# Grande Moulin De Paris - France



## UrbanX (Apr 17, 2013)

It's only a shell...but what a shell...
Visited with Priority7, Jc101 & UrbexDad 

From outside the perimeter wall it looked amazing:






Why don’t mills look like this in the UK?





Standing close to it it feels imposing, almost threatening: 





I love the way that the architectural detailing has been carried on to every little outbuilding:





Admittedly inside is a massive disappointment. It’s been derelict some 20 odd years, and it’s location meant it was trashed after 5 years. It’s just a shell, with every inch covered in graffiti. 





Ground floor:





On the upper floors there isn’t much by way of floors, only really beams: 





Where there were bits of floor, mainly around stairs, they were rotten, and full of holes. 
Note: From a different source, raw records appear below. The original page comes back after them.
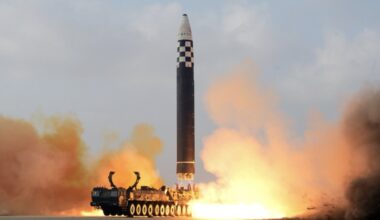 North Korean ICBM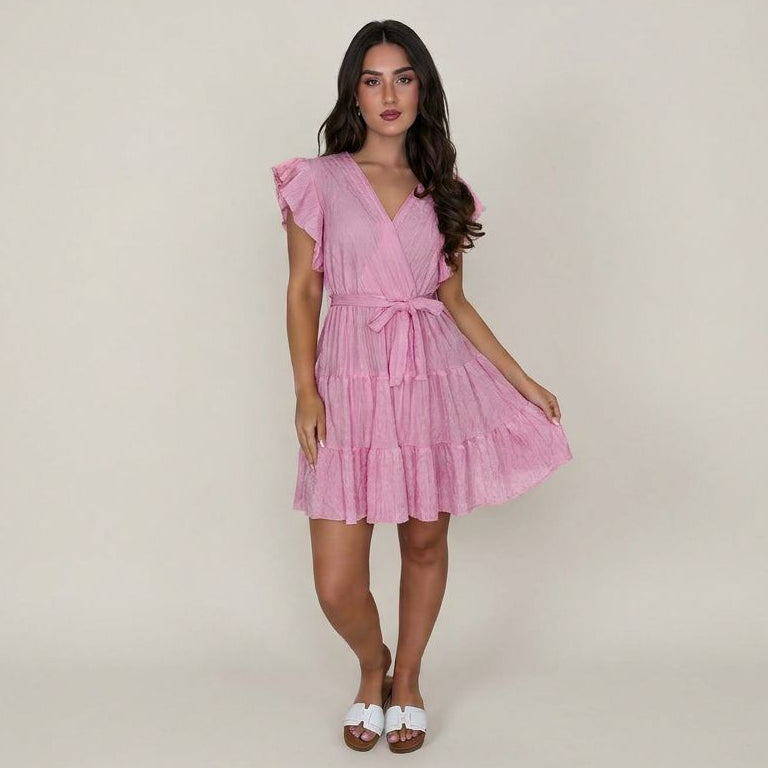 Katherine Frill Dress - 8 Colours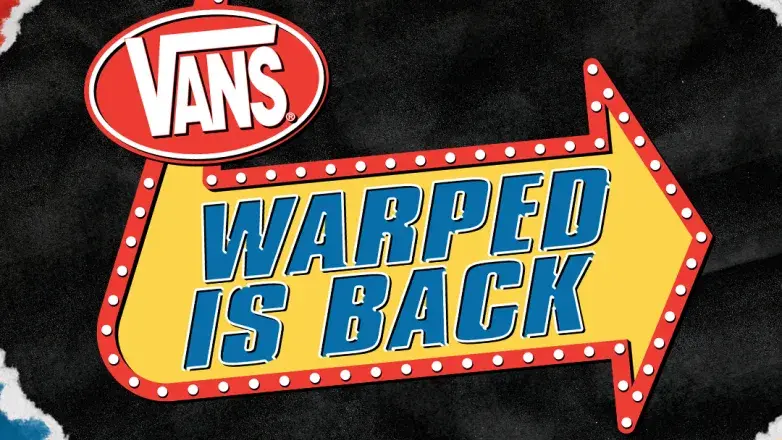 W vans warped tour top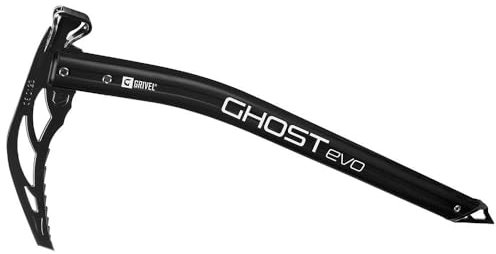 Grivel Ghost Evo Hammer Eispickel, schwarz, 45cm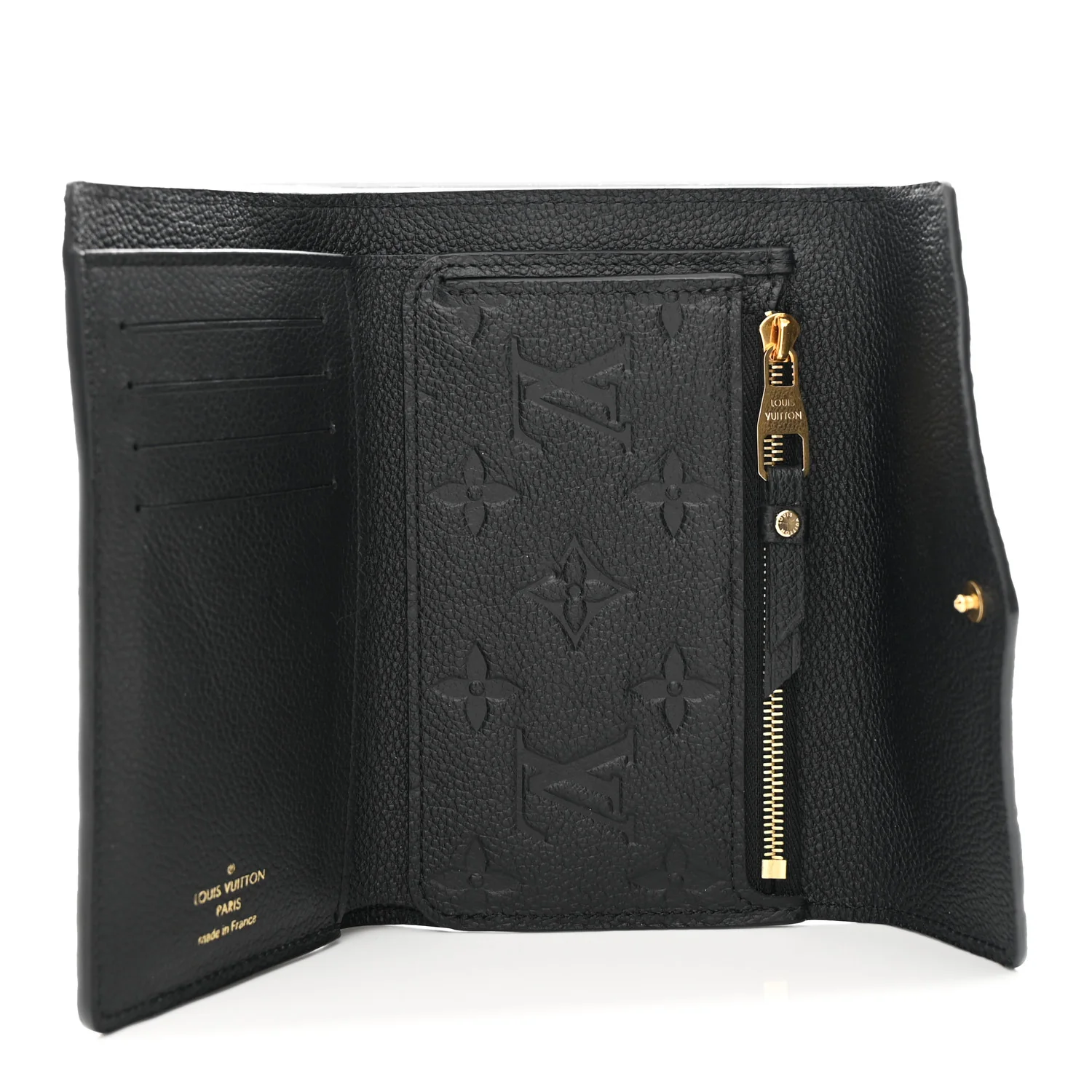 Empreinte Compact Curieuse Wallet Black - Image 5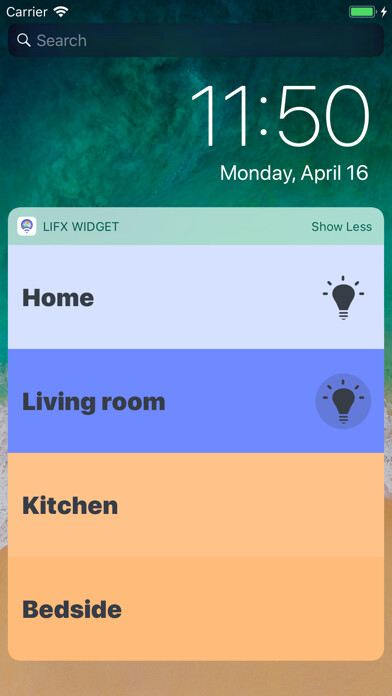 Emulate iPhone app LIFX Widget using MyAndroid Emulate iPhone app LIFX Widget using MyAndroid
Climbing the tower was a little hairy, I’m used to not having a handrail, but the outside wall was also full of human sized holes. Leaning down over the edge was unpleasant…










From t’other end, shiowing modern extension:





Finish with this external, the graffiti is a view around 10 paces forward of this wall:




Cheers for looking.


----------



## Bones out (Apr 17, 2013)

Phwoor, what a rack on her!

More trouser twitching stuff from you fella.

Love it!


----------



## AlexanderJones (Apr 17, 2013)

Wow. What a place! 

Superb photographs!


----------



## HughieD (Apr 18, 2013)

And what a shell it is. Incredible place and incredible pictures. Thanks for sharing.


----------



## UEP-Wales (Apr 18, 2013)

Pretty impressive looking place that one! Shame its been stripped and raped though! Awesome shots too!
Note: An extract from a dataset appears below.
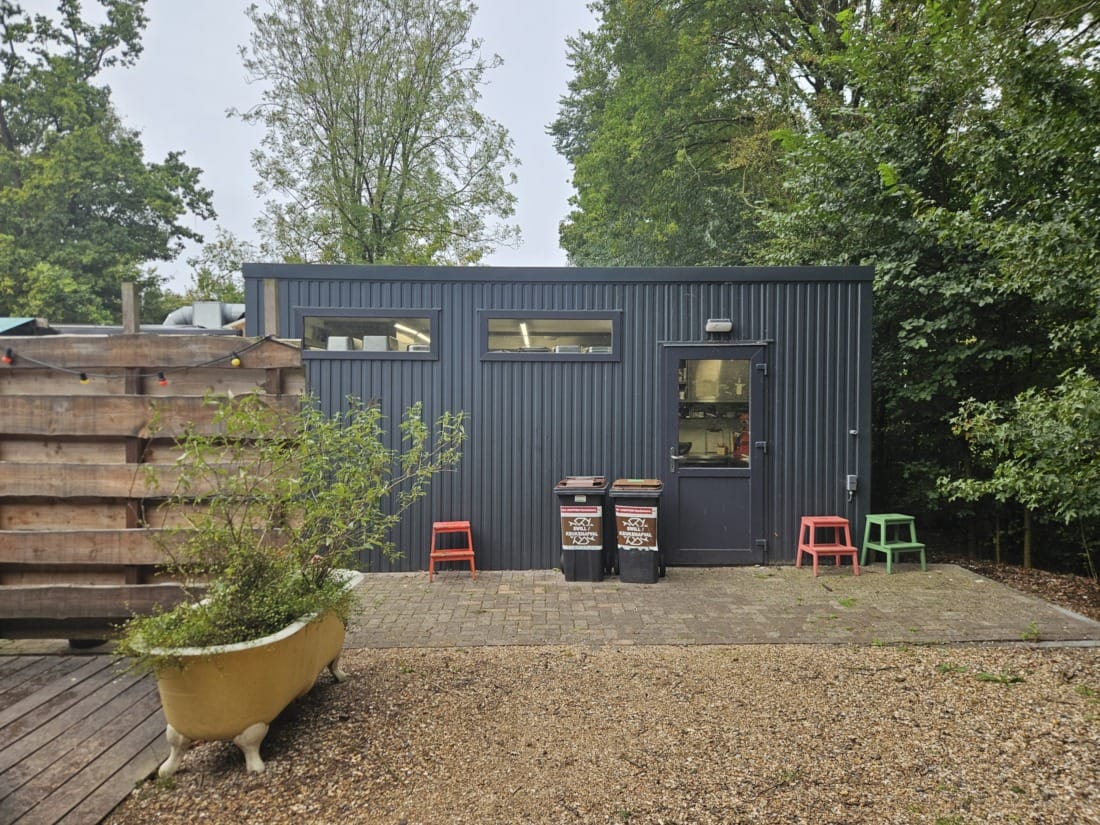 Wooncontainer met toekomstbestendige keuken.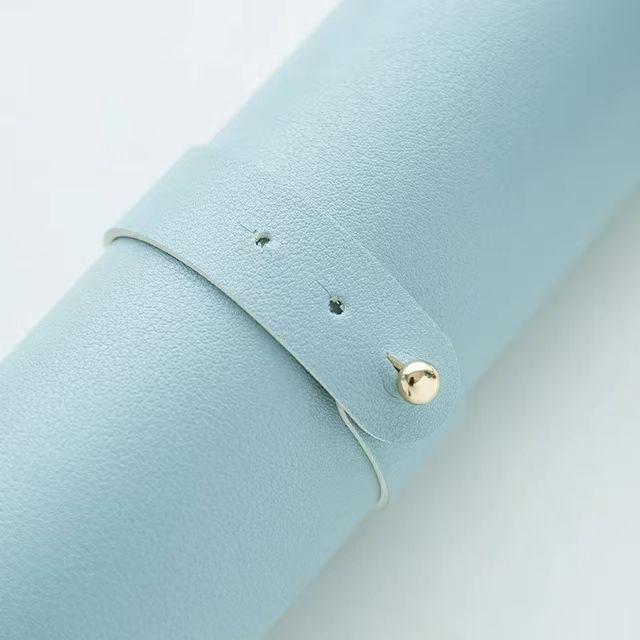 Extra Große beidseitige Leder-Schreibtischmatte und Mauspadd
Does P7 not post here anymore? Not seen him for a while now


----------



## TeeJF (Apr 18, 2013)

Different. I'd expected this place to be rather more classicly industrial but it's quite aesthetic. Nothing much on that side of the Channel is "basic"!


----------



## mookster (Apr 18, 2013)

Absolutely love this place, easily the most dangerous location I've ever been in but fantastic levels of decay and wonderful architecture.
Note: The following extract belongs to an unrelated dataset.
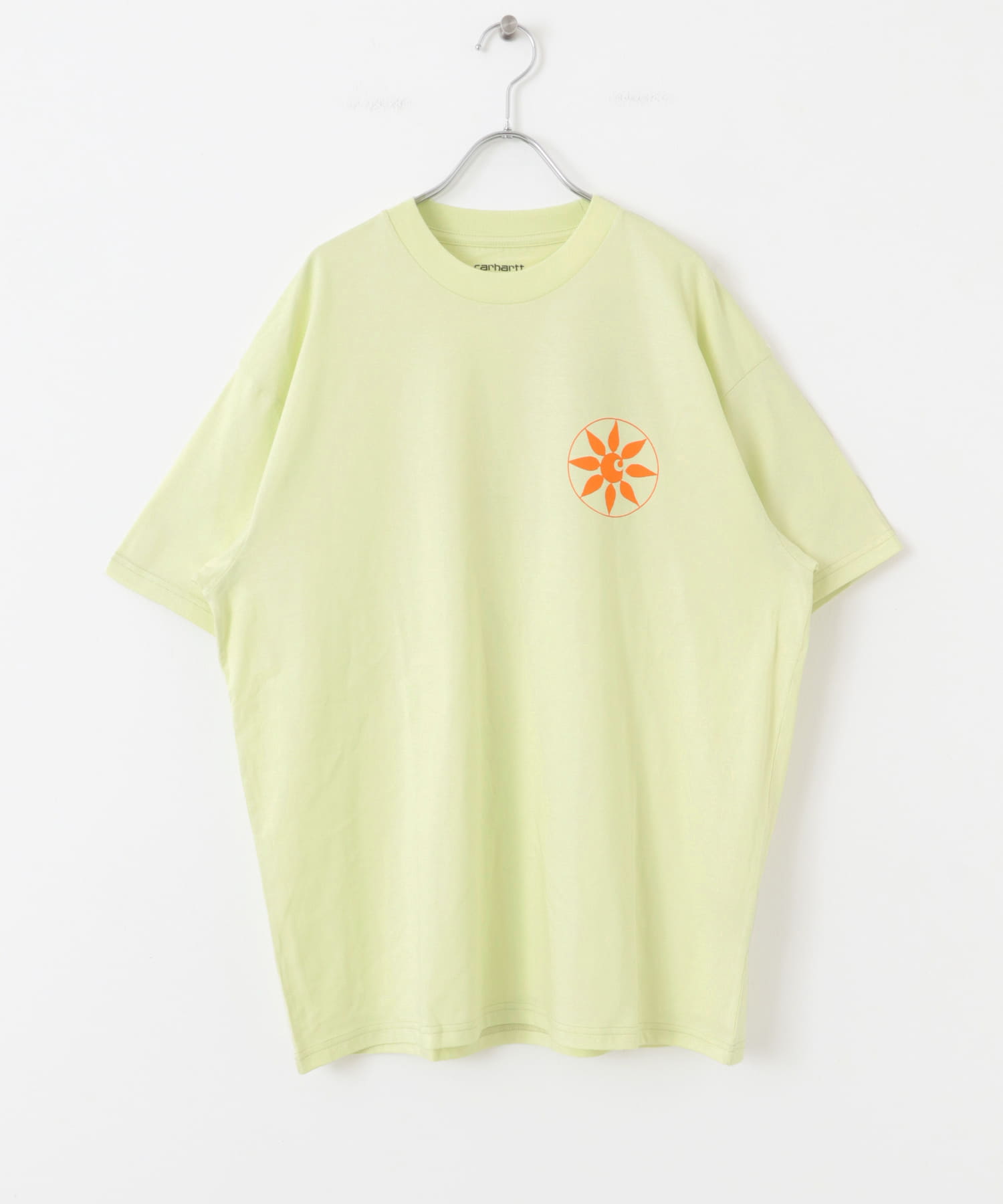 carhartt　SHORT-SLEEVE SENSES T-SHIRTS Air Green M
Did you not explore the other half? It's got a mostly concrete floor so you can explore pretty much all of it


----------



## steve2109 (Apr 18, 2013)

Great report and stunning photos, love the looking down the stairs shot...


----------



## Lucky Pants (Apr 18, 2013)

Impressive shots of a impressive building, love that stairs shot


----------



## PaulPowers (Apr 20, 2013)

I'm in paris next month, I might vanish off for a bit 

Cracking pics as always


----------



## ZerO81 (Apr 20, 2013)

Thats an impressive looking building very well captured!


----------



## UE-OMJ (Apr 20, 2013)

Sod going up those stairs  Looks a well impressive building, I bet it was stunning back in its day.


----------